The researchers argued that decades of failed policies have contributed to the problem of homelessness, and that the stigmatization of the population has resulted in unhoused individuals too often being treated with scorn rather than empathy. “The public is tired of this problem,” said Henwood, “and rather than look at it as failed policy, people tend to get frustrated and blame the victims of those policies.” In particular, the researchers noted, negative attitudes toward individuals with severe mental illness and substance disorders, both of which are common among people experiencing homelessness, may compound the stigma and discrimination experienced by unhoused individuals.

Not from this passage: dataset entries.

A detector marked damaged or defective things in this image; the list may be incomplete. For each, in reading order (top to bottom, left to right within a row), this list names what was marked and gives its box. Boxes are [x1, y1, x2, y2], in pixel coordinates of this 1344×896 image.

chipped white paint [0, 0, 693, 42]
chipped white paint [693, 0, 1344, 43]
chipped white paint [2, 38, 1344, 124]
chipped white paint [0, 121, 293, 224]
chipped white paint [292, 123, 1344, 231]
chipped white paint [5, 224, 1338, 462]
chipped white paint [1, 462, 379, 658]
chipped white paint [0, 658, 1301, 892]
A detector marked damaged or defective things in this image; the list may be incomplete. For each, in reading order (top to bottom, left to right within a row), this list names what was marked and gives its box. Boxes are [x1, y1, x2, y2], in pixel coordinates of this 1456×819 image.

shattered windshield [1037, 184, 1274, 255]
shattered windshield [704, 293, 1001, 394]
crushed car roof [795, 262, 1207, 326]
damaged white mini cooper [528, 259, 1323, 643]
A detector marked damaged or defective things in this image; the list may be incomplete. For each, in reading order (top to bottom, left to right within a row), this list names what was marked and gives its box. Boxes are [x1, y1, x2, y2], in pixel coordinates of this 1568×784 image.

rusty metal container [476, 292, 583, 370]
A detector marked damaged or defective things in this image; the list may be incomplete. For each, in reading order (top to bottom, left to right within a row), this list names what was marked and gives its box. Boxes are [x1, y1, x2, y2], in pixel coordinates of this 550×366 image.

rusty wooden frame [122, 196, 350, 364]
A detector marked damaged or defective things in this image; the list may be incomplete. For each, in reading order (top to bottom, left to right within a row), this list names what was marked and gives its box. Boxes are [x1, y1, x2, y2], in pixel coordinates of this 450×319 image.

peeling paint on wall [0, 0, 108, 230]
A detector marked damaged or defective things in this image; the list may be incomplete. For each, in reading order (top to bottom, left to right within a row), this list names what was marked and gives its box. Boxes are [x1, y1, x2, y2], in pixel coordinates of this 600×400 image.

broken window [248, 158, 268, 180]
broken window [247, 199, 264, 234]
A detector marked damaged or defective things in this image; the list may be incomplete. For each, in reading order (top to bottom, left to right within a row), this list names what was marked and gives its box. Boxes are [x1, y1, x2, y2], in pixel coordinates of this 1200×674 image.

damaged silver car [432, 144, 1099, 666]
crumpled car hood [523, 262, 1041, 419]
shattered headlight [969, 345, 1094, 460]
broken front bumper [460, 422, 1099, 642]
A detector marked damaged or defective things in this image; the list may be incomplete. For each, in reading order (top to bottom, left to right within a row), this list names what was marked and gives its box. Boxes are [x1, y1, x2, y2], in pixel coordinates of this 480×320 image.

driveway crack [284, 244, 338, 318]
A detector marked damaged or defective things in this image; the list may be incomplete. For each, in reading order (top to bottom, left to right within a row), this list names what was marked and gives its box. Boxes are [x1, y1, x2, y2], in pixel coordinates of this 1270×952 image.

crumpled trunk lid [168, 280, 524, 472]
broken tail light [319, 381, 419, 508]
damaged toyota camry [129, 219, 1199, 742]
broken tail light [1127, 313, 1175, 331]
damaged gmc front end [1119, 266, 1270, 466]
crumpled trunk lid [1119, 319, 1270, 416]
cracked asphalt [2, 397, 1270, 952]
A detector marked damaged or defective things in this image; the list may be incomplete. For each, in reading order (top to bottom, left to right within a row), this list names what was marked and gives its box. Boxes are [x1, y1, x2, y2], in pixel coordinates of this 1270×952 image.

The study is especially notable in light of the U.S. Supreme Court’s June 28 ruling in Grants Pass v. Johnson in support of the constitutionality of so-called camping bans, which allow communities to fine, ticket, or arrest people living unsheltered and encamped in public spaces, even if they have nowhere else to go. “These anti-camping laws give a permission structure to say that unhoused people are the problem,” Kuhn said. “And as policing is used against people experiencing homelessness, it contributes to their being afraid to fight back and report any crime, much less an indignity such as being treated badly."
Although the study found that people experiencing homelessness were more likely to report being victims of poor treatment and violence if they were unsheltered, those who reported staying in shelters were also at significantly elevated risk of physical violence. The PATHS survey has found that about half of people who go into shelters end up back on the street, in part because the shelters are unsafe environments.
The researchers called for stepped-up efforts to address and reduce the impacts of discrimination and violence on the unhoused population. These include decriminalizing homelessness and educating the public in ways that humanize and build empathy for people experiencing homelessness.